With 2014 drawing to a close and Oscar season gearing up, it is a good time to reflect on what worked and what didn’t for the faith film market this year
Early in the year things looked promising with four faith titles performing well: Son of God, Noah, Heaven is For Real, and God’s Not Dead all produced high grosses at the box office. But not all of this year’s faith-based films would hit their mark. The Identical, When the Game Stands Tall, Persecuted, and Mom’s Night Out were all low performers [in theaters]. Up against the fifty major studio movies released between the traditional April blockbuster season kick-off and Labor Day, it can be argued that these faith films never had a chance.
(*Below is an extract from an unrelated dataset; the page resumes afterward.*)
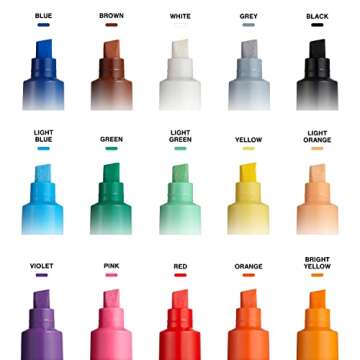 15 Posca Paint Markers, 8K Broad Coloring Markers with Broad Chisel Tips, Set of Acrylic Paint Pens ...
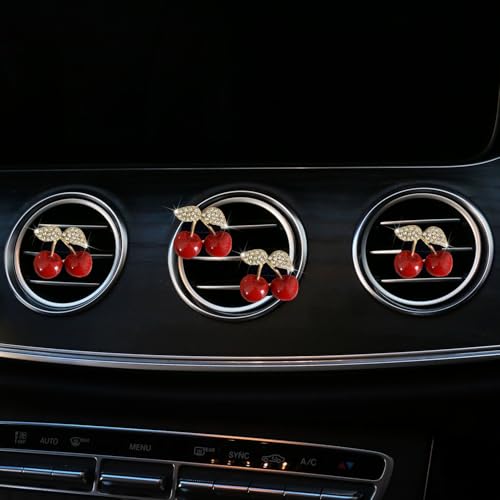 4 Pcs Cherry Car Air Vent Freshener Clip, Rhinestone Car Air Outlet Fragrance Freshener, Bling Cute Automobile Accessories Decoration for Women,Air Fresheners Decor（Odor Random）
Ray Subers of BoxOfficeMojo.com points out in a recent report that while the biggest faith movies of 2014 had words like “God” or “heaven” in their titles, the faith-based films that performed poorly were not really about religion. This belies the common theory that in order to attract the greatest number of market demographics, film content should be as universal (or homogenized) as possible. Traditionally, the four most hotly pursued quadrants are young male, young female, adult male, and adult female.
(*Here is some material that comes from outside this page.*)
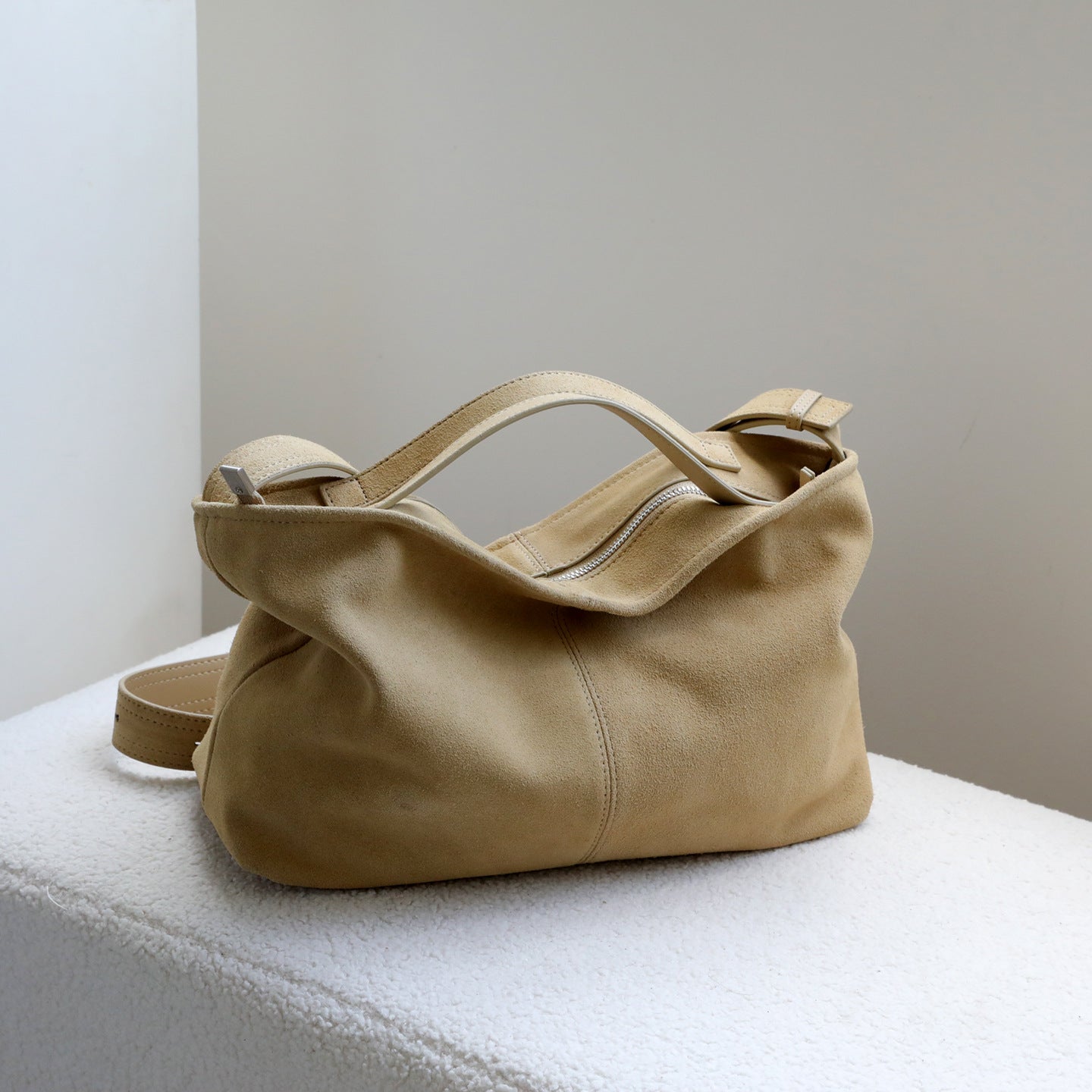 Sarah Express Matte Genuine Leather Square Commuter Bag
A faith film does not have to earn Passion money ($611 million +) to be considered successful. Son of God returned $68 million on a $22 million budget. Heaven is For Real, based on the best-selling book of the same name, made $91 million on a $12 million budget, and God’s Not Dead earned $61 million on from a production budget of $2 million. This year’s big budget reimagining of Noah earned $101 million ($359 million globally) on a $125 million budget.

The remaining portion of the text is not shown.